There are several reasons why you should study in Switzerland for your PhD. Starting by the reputation of excellence of the country, whose institutions and graduates have contributed to some of the most groundbreaking research programs in the world. Graduates from universities in Switzerland are highly skilled, innovative, creative, and the country counts the highest number of Nobel Prize per capita.
Another reason to choose this country for a PhD’s degree is that among all the qualifications you can earn at Swiss universities, PhDs and MBA are the most popular ones. In other words, you can’t be wrong in considering this country to pursue research or further studies. And being a global hub for finance and business, career options are numerous once you’ve completed your studies in Switzerland.
Last but not least, you have the choice between 3 official languages of instruction: French, German, and Italian, depending on the canton you’re in. But there are also more and more programs in English, especially at graduate and postgraduate levels.
How long is a PhD in Switzerland?
Switzerland being a signatory of the Bologna process, a PhD in the country is then a third-cycle qualification.
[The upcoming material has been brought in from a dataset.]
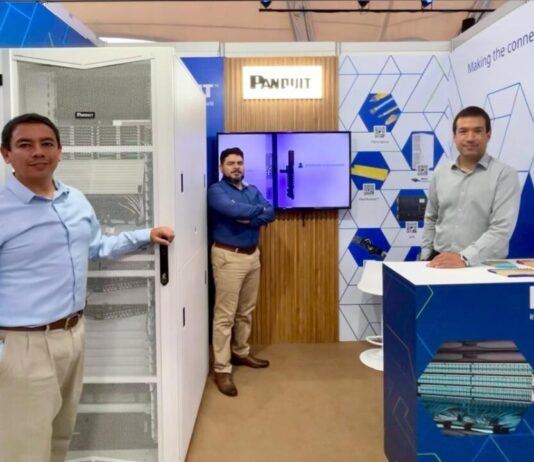 Panduit impulsa la evolución de Data Centers ante los retos de la IA en el Perú Hub Digital Pablo Huapaya,Territory Account Manager; Fernando Díaz, Technical System Engineer; e Iván La Madrid, Territory Account Manager de Panduit Perú.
It’s also the highest level of degree you can achieve in the country. And it will take between 3 and 7 years to complete it, depending on whether you pursue a traditional PhD or a structured one.
A traditional PhD tends to be shorter while a structured PhD, which involves additional training, may take longer. The other difference between the 2 types of PhD is that a general PhD takes place in one university, where the student is under the supervision of one or more academic experts.
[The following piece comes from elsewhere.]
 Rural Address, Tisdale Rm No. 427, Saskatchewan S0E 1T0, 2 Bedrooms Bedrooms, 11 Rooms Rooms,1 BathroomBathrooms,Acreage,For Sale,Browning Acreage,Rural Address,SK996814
The structured PhD, on the other hand, takes place at more than one institution. And it can even involve a collaboration between different institution types such as cantonal universities and universities of applied sciences.
Moreover, the academic year in Switzerland runs from September to May. It comprises 2 semesters, from September to December and from February to May/June. However, PhD research may continue beyond these periods, while training only take place during semester sessions.
Supervision and assessment
Like in any PhD programs, students will have at least an academic supervisor to oversee their work. But in some cases, there might be a second or more supervisors involved, especially in the case of structured PhD.
Each supervisor will then have a specific role in the student’s project, but all of them will provide overall mentoring, guidance and support along the research process.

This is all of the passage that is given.